◆ **PROBLEM TO SOLVE**:
All entries are to be returned verbatim.

◆ **DATASET ENTRIES**:
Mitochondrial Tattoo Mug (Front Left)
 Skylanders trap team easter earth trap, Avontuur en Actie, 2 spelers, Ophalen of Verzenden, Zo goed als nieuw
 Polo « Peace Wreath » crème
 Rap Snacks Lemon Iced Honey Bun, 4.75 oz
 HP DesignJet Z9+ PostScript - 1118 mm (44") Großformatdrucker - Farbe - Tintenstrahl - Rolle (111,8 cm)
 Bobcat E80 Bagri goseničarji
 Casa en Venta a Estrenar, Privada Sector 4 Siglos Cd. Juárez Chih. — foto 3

◆ **SOLUTION TO THIS PROBLEM**:
Mitochondrial Tattoo Mug (Front Left)
 Skylanders trap team easter earth trap, Avontuur en Actie, 2 spelers, Ophalen of Verzenden, Zo goed als nieuw
 Polo « Peace Wreath » crème
 Rap Snacks Lemon Iced Honey Bun, 4.75 oz
 HP DesignJet Z9+ PostScript - 1118 mm (44") Großformatdrucker - Farbe - Tintenstrahl - Rolle (111,8 cm)
 Bobcat E80 Bagri goseničarji
 Casa en Venta a Estrenar, Privada Sector 4 Siglos Cd. Juárez Chih. — foto 3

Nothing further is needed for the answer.